Extracted information
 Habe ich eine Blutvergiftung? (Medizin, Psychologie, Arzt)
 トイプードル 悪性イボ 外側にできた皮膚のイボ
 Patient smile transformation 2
==
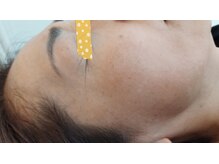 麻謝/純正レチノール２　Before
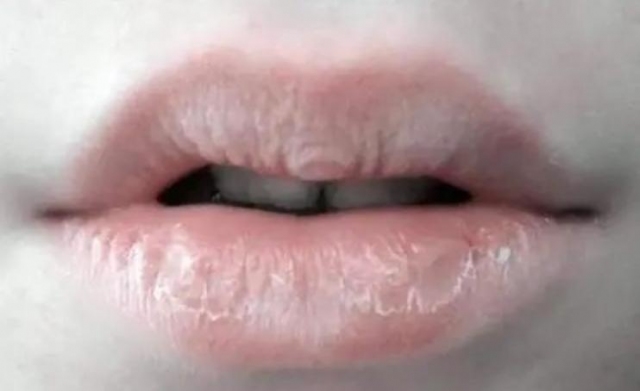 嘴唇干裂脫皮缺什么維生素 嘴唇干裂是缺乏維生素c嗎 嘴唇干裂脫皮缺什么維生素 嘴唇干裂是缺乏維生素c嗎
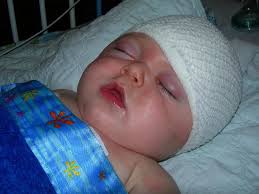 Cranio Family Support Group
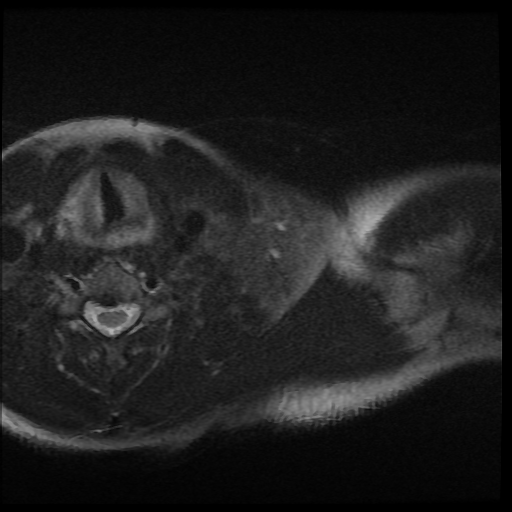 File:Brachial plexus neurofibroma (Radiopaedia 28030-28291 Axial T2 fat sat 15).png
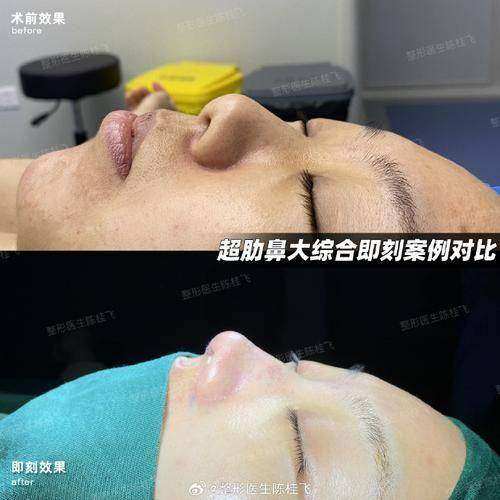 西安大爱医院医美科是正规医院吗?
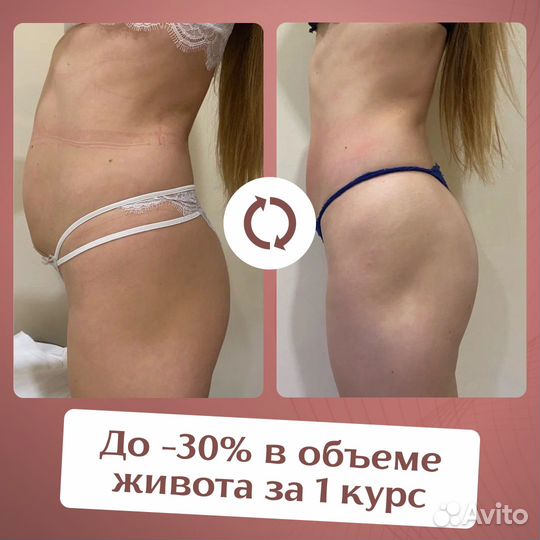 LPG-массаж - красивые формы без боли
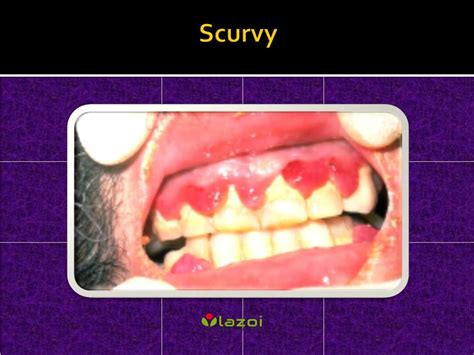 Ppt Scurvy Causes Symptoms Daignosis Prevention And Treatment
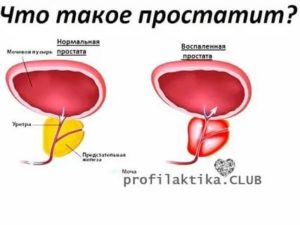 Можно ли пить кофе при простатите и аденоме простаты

Aim of the exercise
In the data above, the stretch from the line with "麻謝/純正レチノール２　Before" through the line with "Ppt Scurvy Causes" is to be returned exactly, minus any pictures.

Solution
 麻謝/純正レチノール２　Before
 嘴唇干裂脫皮缺什么維生素 嘴唇干裂是缺乏維生素c嗎 嘴唇干裂脫皮缺什么維生素 嘴唇干裂是缺乏維生素c嗎
 Cranio Family Support Group
 File:Brachial plexus neurofibroma (Radiopaedia 28030-28291 Axial T2 fat sat 15).png
 西安大爱医院医美科是正规医院吗?
 LPG-массаж - красивые формы без боли
 Ppt Scurvy Causes Symptoms Daignosis Prevention And Treatment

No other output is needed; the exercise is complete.